Problem statement:
In the entries below, find the line with "45 Year Old" and transcribe it and every line after it exactly, through the last line, without pictures.
========================================
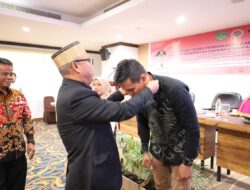 Bupati Budiman Buka Bimtek Peningkatan Kapasitas Sekretaris Bumde se Lutim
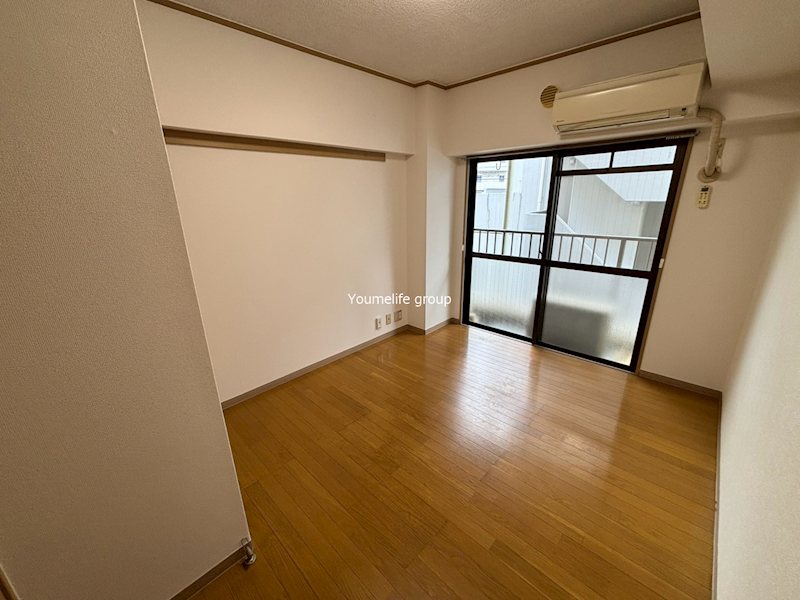 玄関　※室内写真は全て別部屋のものです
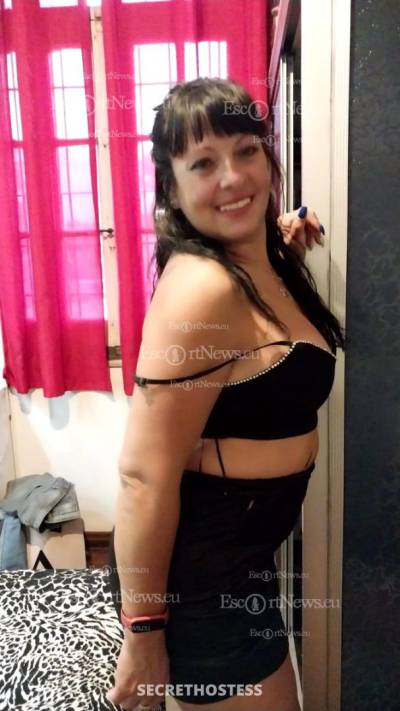 45 Year Old Latino Escort Berlin Brunette - Image 1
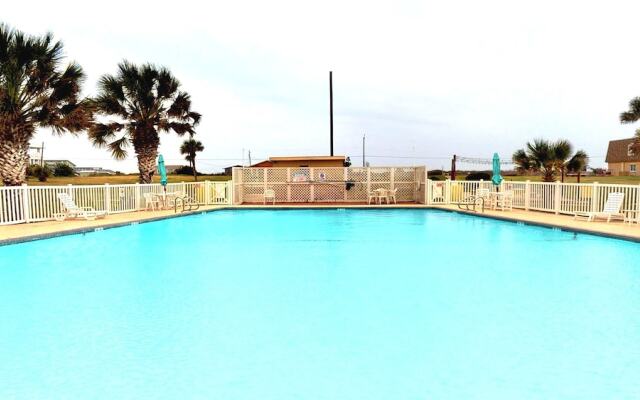 41ir: Beach  3 Bedroom Condo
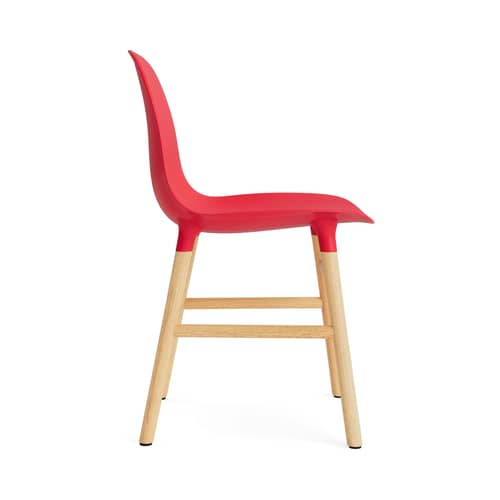 Chaise Form / Pieds chêne - Normann Copenhagen - Rouge éclatant / chêne - Chêne massif, Polypropylène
========================================
Answer section:
 45 Year Old Latino Escort Berlin Brunette - Image 1
 41ir: Beach  3 Bedroom Condo
 Chaise Form / Pieds chêne - Normann Copenhagen - Rouge éclatant / chêne - Chêne massif, Polypropylène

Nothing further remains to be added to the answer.